Saturday 9:15 AM
“Where are you going, Dad?”
“Upstairs to write for a while.”
“But we were gonna watch a family movie together.”
“Alright guys...I’ve seen this movie before and I need to get some writing done.”
“Hey honey, before you start writing, will you throw down the laundry from our bathroom and help me sort it real quick?”
I sit down in front of my laptop and suddenly remember that I haven’t checked my email or Facebook account in two days. I should probably make sure there’s nothing important awaiting my response. I wonder how Tim Tebow’s stats are fairing...
“Dad, Mom said it’s time for lunch.”
“Hey honey, where are you going?”
“Upstairs to write.”
“But you’ve been writing all morning!”
Does this sound like the conversations in your home (or in your head) every time you think about sitting down to write? Sure, every writer experiences the occasional supernoval flare of a new story idea; fingers cramping, struggling to keep pace with the deluge pouring from your neocortex. It’s only when your bladder threatens to drown you that you look down and realize two hours and four thousand words have passed and you really feel this time that you’re well on your way towards the next New York Times Best Seller!
The next day you wake up, full of excitement and energy at the prospect of another one or two thousand words, only to discover you’ve cranked out a meager one or two hundred because the job, the kids, the spouse, the housework, the laundry, the cell phone, the friends, the internet, the TV, the movie, the library, the bills, the errands, the dishes, and the ten thousand other things that compete for your time have robbed you of your goal. You climb into bed at night feeling drained, unfulfilled, and guilty because you failed to write anything substantial that day. You vow that tomorrow will be different. So today becomes tomorrow, tomorrow becomes this weekend, this weekend becomes someday. Why do we give in so often and for so long to those things that keep us from writing? There are lots of reasons. Let me share two big ones I feel encompass all the others.
First, we don’t feel like we should write. Given everything we must accomplish every day, we feel - at least on a sub-conscious level - that we can't make time for such “silliness” as story-telling. After all, it’s our day jobs that put food on the table and maintains the roof overhead. When we’re not working, children and spouses need attention and care. And let’s not forget the importance of maintaining or improving our health. All these priorities consume us and it’s easy to give in to that whispering voice at the end of the day as it beckons our wearied heads toward soft pillows, “Stories are for kids. You’re an adult now. Grow up. Be more responsible.
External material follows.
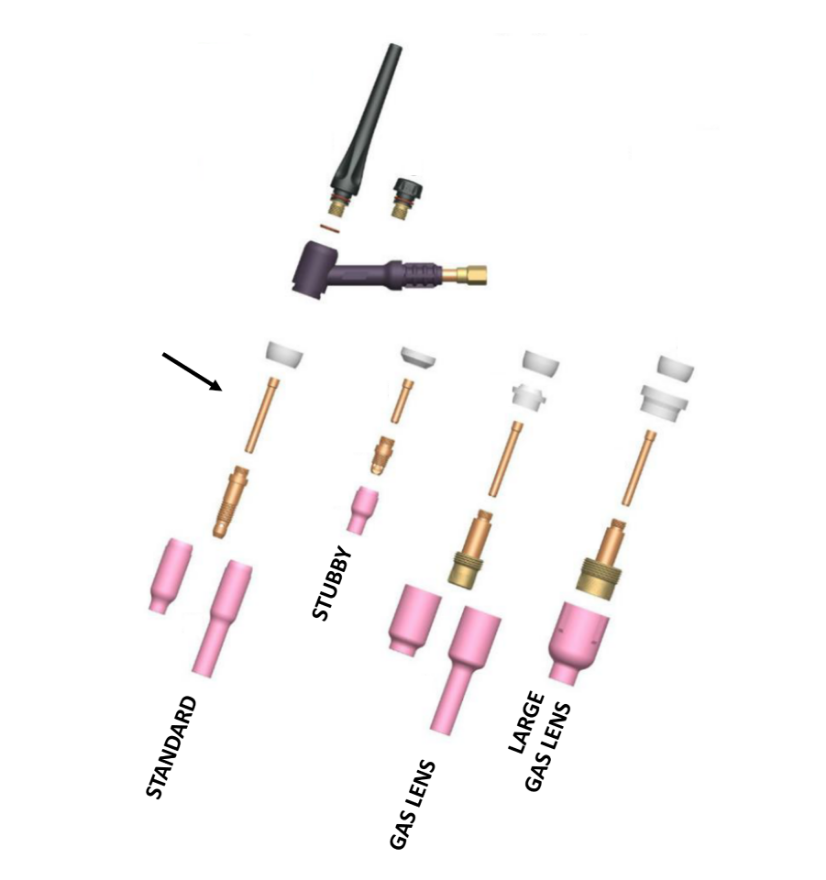 Strata WP17/WP18/WP26 Tig Torch Standard Collets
Get a good night’s sleep before the craziness of tomorrow starts all over again.”
Trapped inside every adult is the little kid we used to be, the one who’s imagination fueled the dreams of a million undiscovered worlds. At some point we became adults and bought into a belief that “growing up” meant we had to deny that inner child. As adults, we still dream occasionally (if for no other reason than to reminisce about what dreaming used to feel like). We all long for a chance to escape from time to time. It’s why we’re so easily distracted. Distractions take us away, however briefly, from the mundane adult lives we’re now forced to lead.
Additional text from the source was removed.